In 2017, more than 100 companies worldwide will default on loans. Why? For most companies, lack of a thorough debt compliance process. A failure to fully understand the agreements for the quarterly CFO Compliance Certificate can lead to an auditor citation for a SOX deficiency or material weakness. For most companies, a debt compliance process is often incomplete, unorganized, and understaffed. But it’s a process that can easily be broken down and organized into a precise and efficient program.

Debt compliance risk may be the most overlooked enterprise liability a company faces. It’s rarely mentioned in any enterprise risk list, yet, a covenant violation can shut down a company, destroy its reputation, and crater its market cap. Debt compliance risk is also a GAAP risk, a SOX risk, and a career risk. Yet, while most corporations have processes to manage risk and create efficiencies to ensure good, sound business the debt compliance process is most often overlooked and underestimated. However, one could argue, it’s the single most likely risk the company faces.

Many below-investment-grade treasurers underestimate their covenant violation risks, are not aware of the GAAP and SOX risks. They believe that if there is a covenant violation, all it takes is taking their lenders out to lunch and all will be forgiven. As a result, they invest little time and few resources to managing their debt compliance. In some cases, there may be no policy, no financial covenant stress testing, and no review of a comprehensive covenant checklist.

Yet, before Treasury talks to their lenders, it quickly goes downhill. Treasury will have to inform the CFO, the General Counsel, the CEO, the auditors about issuing an 8-K announcing the default, and possibly even their investment bankers, and develop a strategy to tell the lenders how they will cure the default. The company will quickly find that it has lost control, especially if it is public with the required 8-K notice of default.
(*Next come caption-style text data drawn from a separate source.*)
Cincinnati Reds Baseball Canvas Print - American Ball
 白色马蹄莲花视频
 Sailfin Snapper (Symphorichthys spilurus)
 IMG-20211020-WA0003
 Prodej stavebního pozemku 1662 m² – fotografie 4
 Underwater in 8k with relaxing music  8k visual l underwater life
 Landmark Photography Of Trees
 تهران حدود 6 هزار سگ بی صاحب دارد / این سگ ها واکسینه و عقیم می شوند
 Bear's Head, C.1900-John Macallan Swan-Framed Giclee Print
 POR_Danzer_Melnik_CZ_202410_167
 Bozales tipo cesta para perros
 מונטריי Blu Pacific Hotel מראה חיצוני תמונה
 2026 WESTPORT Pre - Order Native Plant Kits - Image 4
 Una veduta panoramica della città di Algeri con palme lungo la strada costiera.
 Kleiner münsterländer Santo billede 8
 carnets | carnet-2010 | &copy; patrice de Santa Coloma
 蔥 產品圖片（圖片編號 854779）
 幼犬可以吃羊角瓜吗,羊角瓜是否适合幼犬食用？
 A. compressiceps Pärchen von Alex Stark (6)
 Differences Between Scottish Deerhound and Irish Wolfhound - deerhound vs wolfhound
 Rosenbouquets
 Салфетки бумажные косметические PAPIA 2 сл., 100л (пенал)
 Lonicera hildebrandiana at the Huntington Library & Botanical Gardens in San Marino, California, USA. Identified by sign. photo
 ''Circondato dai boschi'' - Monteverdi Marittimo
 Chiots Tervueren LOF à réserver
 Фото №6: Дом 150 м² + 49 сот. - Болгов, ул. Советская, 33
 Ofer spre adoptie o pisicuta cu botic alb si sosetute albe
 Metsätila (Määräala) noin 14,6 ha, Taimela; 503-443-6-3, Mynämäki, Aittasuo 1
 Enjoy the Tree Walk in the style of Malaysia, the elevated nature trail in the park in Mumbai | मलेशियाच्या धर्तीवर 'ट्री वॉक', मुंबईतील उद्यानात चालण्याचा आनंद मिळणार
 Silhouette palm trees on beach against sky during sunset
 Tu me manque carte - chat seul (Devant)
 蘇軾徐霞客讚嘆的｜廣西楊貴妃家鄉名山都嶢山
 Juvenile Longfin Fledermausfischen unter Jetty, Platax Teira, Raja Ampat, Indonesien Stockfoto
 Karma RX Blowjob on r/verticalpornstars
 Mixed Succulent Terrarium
Automating the debt compliance process allows for accurate and complete evaluations by people knowledgeable about the covenants and documents the attestations about covenant compliance with a questionnaire process. A DCS automation has six key benefits:

  1. All compliance issues are quickly, accurately and consistently researched with hyperlinked web pages, multi-agreement contextual searching, and knowledge-sharing
  2. A risk-based comprehensive covenant checklist
  3. An in-depth questionnaire process based upon truly at-risk covenants
  4. A Debt Calendar process that ensures the timely delivery of all regularly scheduled debt requirements
  5. No implementation or maintenance by IT
  6. Per a KPMG opinion, SaaS prepaid service fees (aka implementation costs) can be capitalized and amortized over the life of the contract

Debt compliance, especially for speculative grade companies, cannot be effectively done by Treasury and Legal alone due to the sheer number, complexity, and breadth of the covenants. That’s why Debt Compliance Services designed a system that reduces the probability of an unexpected technical default by 90%.

By creating checklists, dynamic questionnaires, clickable text definitions, and a process that captures and delivers expertise from key stakeholders to compliance about covenants, automation minimizes the risk that otherwise good business decisions inadvertently breach covenants. Now that’s good for business.